One year ago, when I posted my Introduction post on July 19th of 2006, I had taken only 3 courses towards my MLS degree. I wasn’t quite sure what I was going to write about.. or how often. I wasn’t sure anyone would be interested in my posts. I was about a month away from standing in front of my poster at SAA passing out home-made cards with the name of this blog on them (and my blog URL scribbled on scraps of paper when I ran out of the cards). I posted summaries of many of the sessions I attended, but we never really reached critical mass with bloggers at the SAA 2006 conference in DC.

One year later and I have written 45,028 words in 72 posts (special thanks to the TD Word Count plugin for easy access to those stats). I have completed 7 out of the 12 courses required for my MLS. I am on a panel at the SAA conference in Chicago. I have shiny new cards to hand out to anyone who might want one. There already exists a page in the unofficial conference wiki waiting for people to sign up to cover various sessions at SAA 2007 in Chicago.

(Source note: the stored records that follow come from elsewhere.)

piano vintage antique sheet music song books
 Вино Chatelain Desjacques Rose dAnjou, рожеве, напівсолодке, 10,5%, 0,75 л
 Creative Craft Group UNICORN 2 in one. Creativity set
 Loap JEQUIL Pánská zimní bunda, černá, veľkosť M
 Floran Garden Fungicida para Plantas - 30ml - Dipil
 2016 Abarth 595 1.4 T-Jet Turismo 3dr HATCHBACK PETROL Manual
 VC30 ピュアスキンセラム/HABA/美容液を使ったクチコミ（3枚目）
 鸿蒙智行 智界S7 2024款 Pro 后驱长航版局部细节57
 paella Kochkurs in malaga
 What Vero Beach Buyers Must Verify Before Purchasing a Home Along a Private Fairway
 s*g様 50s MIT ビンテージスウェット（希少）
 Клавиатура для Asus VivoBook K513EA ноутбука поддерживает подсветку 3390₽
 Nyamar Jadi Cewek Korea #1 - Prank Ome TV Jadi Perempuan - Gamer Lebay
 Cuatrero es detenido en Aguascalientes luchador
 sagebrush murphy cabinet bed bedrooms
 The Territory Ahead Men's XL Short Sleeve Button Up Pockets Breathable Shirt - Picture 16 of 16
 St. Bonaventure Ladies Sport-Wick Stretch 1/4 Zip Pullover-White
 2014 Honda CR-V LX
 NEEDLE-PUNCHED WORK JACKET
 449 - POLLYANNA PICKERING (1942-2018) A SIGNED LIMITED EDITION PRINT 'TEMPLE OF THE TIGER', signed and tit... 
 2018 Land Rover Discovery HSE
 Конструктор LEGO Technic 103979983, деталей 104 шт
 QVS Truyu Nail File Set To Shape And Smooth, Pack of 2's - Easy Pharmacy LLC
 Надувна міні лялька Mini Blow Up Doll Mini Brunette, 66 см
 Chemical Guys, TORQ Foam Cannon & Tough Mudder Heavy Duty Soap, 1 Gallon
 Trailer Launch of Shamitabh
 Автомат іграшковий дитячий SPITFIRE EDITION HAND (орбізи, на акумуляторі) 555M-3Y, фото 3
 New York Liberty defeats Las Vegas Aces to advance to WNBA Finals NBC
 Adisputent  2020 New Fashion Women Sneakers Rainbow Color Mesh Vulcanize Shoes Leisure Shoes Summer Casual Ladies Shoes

I have 145 subscribers to my RSS feed (thank you Feedburner). Most of those subscribers use either Bloglines or the Google Reader. I am proud that this blog is included in the ArchivesBlogs aggregator. According to Technorati, this blog has an Authority of 33 (which means that 33 blogs have linked to it in the past 6 months).

According to Google Analytics, I have had just over 5,000 unique visitors to my Spellbound Blog website. Those individuals have viewed a total of 13,900 pages (each with up to 10 posts on them). I have had visitors from the Americas, Europe, Asia, Oceania and Africa (those are Google Analytics geographic breakdowns). 27% of the visitors to Spellbound Blog are recurring visitors. While almost 25% of my visitors arrive because they just typed my URL into their browser, 37% have been referred from other sites and 38% referred from search engines. A full 35% of my site traffic is the result of organic Google searches – but those site visits average a 75% bounce rate so it is possible that many of those visitors take a quick look around, realize they are in the wrong place and continue on their way.

In contrast with what Google Analytics tells me, Awstats reports that I have had over 9,000 unique visitors in 2007 alone – but that seems somehow to include requests for my RSS feed. It is interesting to note here that it is not easy to be sure what the various statistics really mean. This stats confusion made me think of this quote: “A man with one watch knows what time it is; a man with two watches is never quite sure.” (Lee Segall).

The most popular post due to organic searches is the post titled 129th anniversary of Thomas Edison’s Invention of the Phonograph. Google currently returns this post in the 2nd slot for searches of impact of thomas edison inventions and at the bottom of the first page for invention of the phonograph. I would like to imagine that the 330 or so middle or elementary school students who stumbled onto this post were intrigued by my ideas, but the average time on the page is only a bit over 2 minutes – so who knows how many of them are actually reading it.

It is hard to know who is really reading what I write. I always appreciate comments on my posts – it makes me more confident that folks are in fact reading. I also just like the feedback.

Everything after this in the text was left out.